Photo by Karl McWherter
Next to the Hooters, Rugby Road may be the most quintessentially Main Line band out there. Celebrating 27 years with the new four-song EP, III, the band is the surprisingly resilient product of some fairly legendary Villanova University parties held at a certain house on Bryn Mawr’s Rugby Road. “After a lot of nights playing late at that place, we ventured out to local bars and clubs,” says keyboardist Ken Kearns, who founded the group in 1990 with guitarist Derek Smith and drummer Rich Pruett. “No matter what we tried to call ourselves, people called us the Rugby Road Band, so we rolled with it.”
And roll with it they did—at the 23 East, Berwyn Tavern, John Barleycorn’s Pub, Smokey Joe’s, Grape Street Pub and other watering holes you may or may not remember. All the while, they collected an enthusiastic and loyal following. “In our senior year at Villanova, we were playing three or four nights a week in the area,” Kearns recalls. “All that playing tightened up the band quickly.

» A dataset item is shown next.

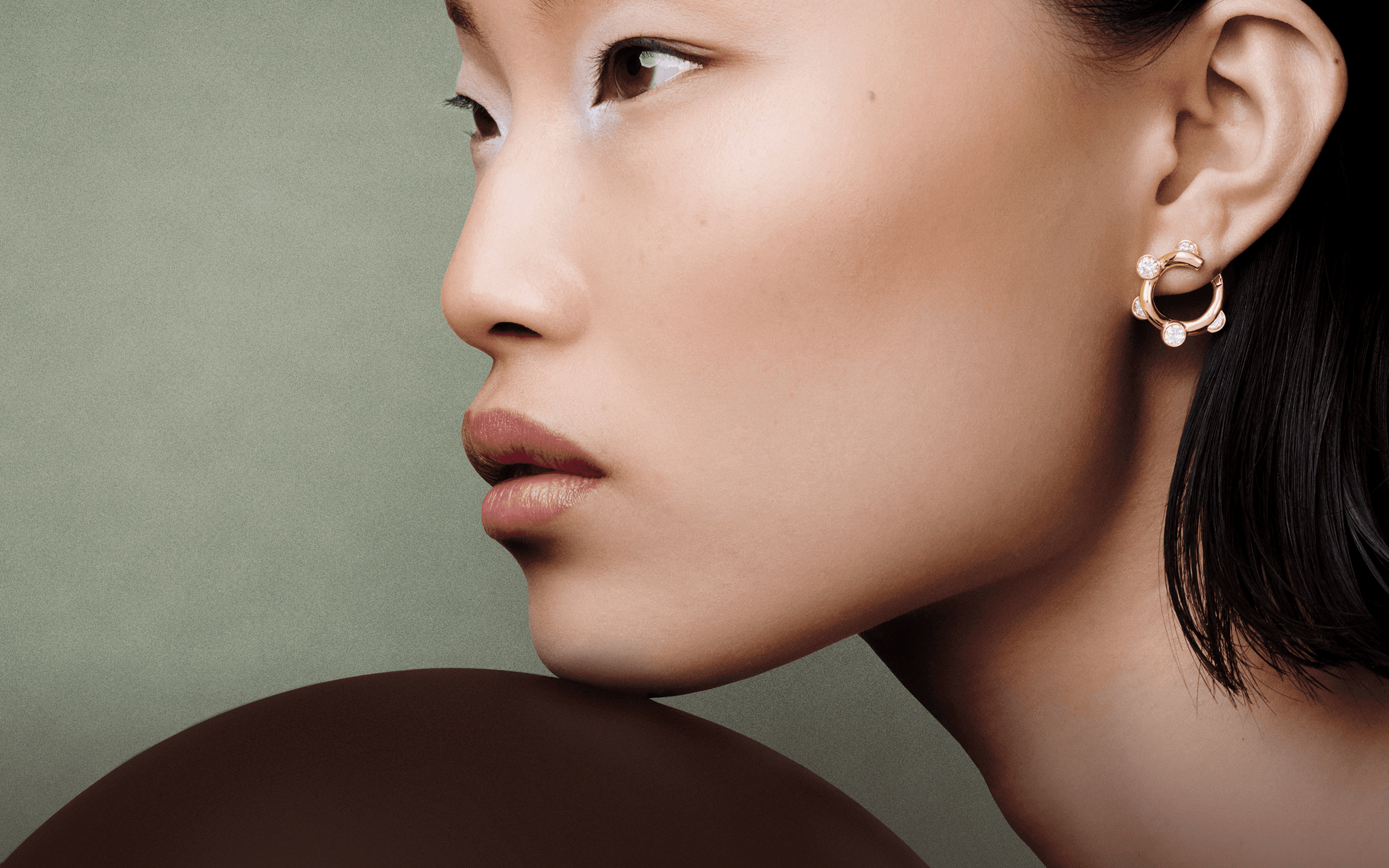 Model wearing Apparatta earrings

It also molded a sound that worked its way into our original material.”
Rugby Road’s expansive, increasingly accomplished sound earned them better gigs in New York City, along with opening slots in Philly for national acts like Rusted Root and the Allman Brothers. “We’ve never really considered ourselves a jam band, but we do like to stretch things out in our own way. Quite honestly, I think we benefited from the fact that there just isn’t that much original music in the suburbs—and that we’ve stuck to our formula,” says Kearns. “We also all have full-time jobs and families, but we knew we could keep doing this—without killing each other—if we did it on our time.”
Rugby Road recorded III at producer Derek Chafin’s BarnSound studio in Media. “Are some of the songs long? Yes. But that’s what we do,” says Kearns, noting that the band opted to call this release “Side 1.” “I’m not sure if there’s a Side 2 coming, but the door will stay open.”